[Records contained in a dataset]
_ _ _ _ _

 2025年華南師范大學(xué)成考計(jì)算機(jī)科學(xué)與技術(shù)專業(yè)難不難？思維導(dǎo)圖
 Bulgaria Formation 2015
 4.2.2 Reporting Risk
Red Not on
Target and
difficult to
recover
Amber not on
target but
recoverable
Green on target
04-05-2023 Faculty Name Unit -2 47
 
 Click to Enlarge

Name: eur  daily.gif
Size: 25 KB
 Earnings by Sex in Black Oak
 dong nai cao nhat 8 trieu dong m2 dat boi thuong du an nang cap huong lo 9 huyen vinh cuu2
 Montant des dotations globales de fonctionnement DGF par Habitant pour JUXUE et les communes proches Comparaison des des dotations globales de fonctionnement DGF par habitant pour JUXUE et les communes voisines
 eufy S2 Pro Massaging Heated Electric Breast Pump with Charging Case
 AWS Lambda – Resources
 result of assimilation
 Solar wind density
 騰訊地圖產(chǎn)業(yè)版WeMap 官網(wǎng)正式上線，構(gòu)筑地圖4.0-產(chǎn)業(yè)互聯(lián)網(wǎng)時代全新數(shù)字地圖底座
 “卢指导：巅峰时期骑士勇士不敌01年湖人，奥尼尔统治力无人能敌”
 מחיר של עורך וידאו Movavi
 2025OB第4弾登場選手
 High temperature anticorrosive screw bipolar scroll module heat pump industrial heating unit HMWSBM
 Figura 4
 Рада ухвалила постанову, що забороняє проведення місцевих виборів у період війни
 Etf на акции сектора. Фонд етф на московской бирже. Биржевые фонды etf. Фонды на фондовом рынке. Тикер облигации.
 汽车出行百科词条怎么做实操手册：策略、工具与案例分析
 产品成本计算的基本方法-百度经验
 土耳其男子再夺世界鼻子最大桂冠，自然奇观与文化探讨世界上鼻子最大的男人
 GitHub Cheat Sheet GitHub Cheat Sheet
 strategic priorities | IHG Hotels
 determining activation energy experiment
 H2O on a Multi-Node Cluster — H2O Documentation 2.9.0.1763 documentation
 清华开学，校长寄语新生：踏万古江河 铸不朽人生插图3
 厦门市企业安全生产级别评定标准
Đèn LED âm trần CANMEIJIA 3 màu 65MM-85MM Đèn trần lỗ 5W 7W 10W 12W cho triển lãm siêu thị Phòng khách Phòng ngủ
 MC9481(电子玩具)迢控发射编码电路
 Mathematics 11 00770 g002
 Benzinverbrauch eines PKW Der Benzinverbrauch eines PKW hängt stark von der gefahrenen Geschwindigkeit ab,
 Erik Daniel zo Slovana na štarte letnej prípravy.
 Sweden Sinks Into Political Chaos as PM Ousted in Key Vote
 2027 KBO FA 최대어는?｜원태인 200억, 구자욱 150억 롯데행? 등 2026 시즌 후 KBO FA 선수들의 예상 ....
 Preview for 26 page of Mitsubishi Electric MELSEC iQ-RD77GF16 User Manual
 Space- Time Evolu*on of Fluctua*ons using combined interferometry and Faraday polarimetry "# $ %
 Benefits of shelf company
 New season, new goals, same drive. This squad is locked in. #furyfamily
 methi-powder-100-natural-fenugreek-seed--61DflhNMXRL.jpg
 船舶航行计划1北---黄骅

_ _ _ _ _

▶ _What you should do_:
Nothing in the records may be left out; copy them all exactly.

▶ _Exercise answer_:
 2025年華南師范大學(xué)成考計(jì)算機(jī)科學(xué)與技術(shù)專業(yè)難不難？思維導(dǎo)圖
 Bulgaria Formation 2015
 4.2.2 Reporting Risk
Red Not on
Target and
difficult to
recover
Amber not on
target but
recoverable
Green on target
04-05-2023 Faculty Name Unit -2 47
 
 Click to Enlarge

Name: eur  daily.gif
Size: 25 KB
 Earnings by Sex in Black Oak
 dong nai cao nhat 8 trieu dong m2 dat boi thuong du an nang cap huong lo 9 huyen vinh cuu2
 Montant des dotations globales de fonctionnement DGF par Habitant pour JUXUE et les communes proches Comparaison des des dotations globales de fonctionnement DGF par habitant pour JUXUE et les communes voisines
 eufy S2 Pro Massaging Heated Electric Breast Pump with Charging Case
 AWS Lambda – Resources
 result of assimilation
 Solar wind density
 騰訊地圖產(chǎn)業(yè)版WeMap 官網(wǎng)正式上線，構(gòu)筑地圖4.0-產(chǎn)業(yè)互聯(lián)網(wǎng)時代全新數(shù)字地圖底座
 “卢指导：巅峰时期骑士勇士不敌01年湖人，奥尼尔统治力无人能敌”
 מחיר של עורך וידאו Movavi
 2025OB第4弾登場選手
 High temperature anticorrosive screw bipolar scroll module heat pump industrial heating unit HMWSBM
 Figura 4
 Рада ухвалила постанову, що забороняє проведення місцевих виборів у період війни
 Etf на акции сектора. Фонд етф на московской бирже. Биржевые фонды etf. Фонды на фондовом рынке. Тикер облигации.
 汽车出行百科词条怎么做实操手册：策略、工具与案例分析
 产品成本计算的基本方法-百度经验
 土耳其男子再夺世界鼻子最大桂冠，自然奇观与文化探讨世界上鼻子最大的男人
 GitHub Cheat Sheet GitHub Cheat Sheet
 strategic priorities | IHG Hotels
 determining activation energy experiment
 H2O on a Multi-Node Cluster — H2O Documentation 2.9.0.1763 documentation
 清华开学，校长寄语新生：踏万古江河 铸不朽人生插图3
 厦门市企业安全生产级别评定标准
Đèn LED âm trần CANMEIJIA 3 màu 65MM-85MM Đèn trần lỗ 5W 7W 10W 12W cho triển lãm siêu thị Phòng khách Phòng ngủ
 MC9481(电子玩具)迢控发射编码电路
 Mathematics 11 00770 g002
 Benzinverbrauch eines PKW Der Benzinverbrauch eines PKW hängt stark von der gefahrenen Geschwindigkeit ab,
 Erik Daniel zo Slovana na štarte letnej prípravy.
 Sweden Sinks Into Political Chaos as PM Ousted in Key Vote
 2027 KBO FA 최대어는?｜원태인 200억, 구자욱 150억 롯데행? 등 2026 시즌 후 KBO FA 선수들의 예상 ....
 Preview for 26 page of Mitsubishi Electric MELSEC iQ-RD77GF16 User Manual
 Space- Time Evolu*on of Fluctua*ons using combined interferometry and Faraday polarimetry "# $ %
 Benefits of shelf company
 New season, new goals, same drive. This squad is locked in. #furyfamily
 methi-powder-100-natural-fenugreek-seed--61DflhNMXRL.jpg
 船舶航行计划1北---黄骅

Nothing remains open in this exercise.